::: Exercise material :::
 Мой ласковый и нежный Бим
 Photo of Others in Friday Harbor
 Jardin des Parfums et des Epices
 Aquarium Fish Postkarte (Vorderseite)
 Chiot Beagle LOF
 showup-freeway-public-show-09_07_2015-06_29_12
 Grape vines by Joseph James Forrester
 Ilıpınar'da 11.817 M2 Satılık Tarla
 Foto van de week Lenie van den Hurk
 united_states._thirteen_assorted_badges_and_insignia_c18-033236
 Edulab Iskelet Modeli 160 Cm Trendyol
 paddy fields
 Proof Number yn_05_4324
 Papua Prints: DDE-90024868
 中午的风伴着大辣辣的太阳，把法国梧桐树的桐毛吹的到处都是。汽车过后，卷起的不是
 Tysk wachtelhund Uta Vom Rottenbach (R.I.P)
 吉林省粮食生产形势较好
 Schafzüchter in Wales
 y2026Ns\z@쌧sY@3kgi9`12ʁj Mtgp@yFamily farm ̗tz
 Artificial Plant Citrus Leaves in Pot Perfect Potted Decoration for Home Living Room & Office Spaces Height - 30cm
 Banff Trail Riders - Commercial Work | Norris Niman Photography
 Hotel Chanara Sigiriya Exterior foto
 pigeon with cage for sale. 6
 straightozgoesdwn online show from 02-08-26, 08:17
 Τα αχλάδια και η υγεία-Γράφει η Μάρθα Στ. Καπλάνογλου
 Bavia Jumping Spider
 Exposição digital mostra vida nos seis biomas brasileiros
:::
→ To do
Your answer must be an exact transcription of all the data above.

→ Answer below
 Мой ласковый и нежный Бим
 Photo of Others in Friday Harbor
 Jardin des Parfums et des Epices
 Aquarium Fish Postkarte (Vorderseite)
 Chiot Beagle LOF
 showup-freeway-public-show-09_07_2015-06_29_12
 Grape vines by Joseph James Forrester
 Ilıpınar'da 11.817 M2 Satılık Tarla
 Foto van de week Lenie van den Hurk
 united_states._thirteen_assorted_badges_and_insignia_c18-033236
 Edulab Iskelet Modeli 160 Cm Trendyol
 paddy fields
 Proof Number yn_05_4324
 Papua Prints: DDE-90024868
 中午的风伴着大辣辣的太阳，把法国梧桐树的桐毛吹的到处都是。汽车过后，卷起的不是
 Tysk wachtelhund Uta Vom Rottenbach (R.I.P)
 吉林省粮食生产形势较好
 Schafzüchter in Wales
 y2026Ns\z@쌧sY@3kgi9`12ʁj Mtgp@yFamily farm ̗tz
 Artificial Plant Citrus Leaves in Pot Perfect Potted Decoration for Home Living Room & Office Spaces Height - 30cm
 Banff Trail Riders - Commercial Work | Norris Niman Photography
 Hotel Chanara Sigiriya Exterior foto
 pigeon with cage for sale. 6
 straightozgoesdwn online show from 02-08-26, 08:17
 Τα αχλάδια και η υγεία-Γράφει η Μάρθα Στ. Καπλάνογλου
 Bavia Jumping Spider
 Exposição digital mostra vida nos seis biomas brasileiros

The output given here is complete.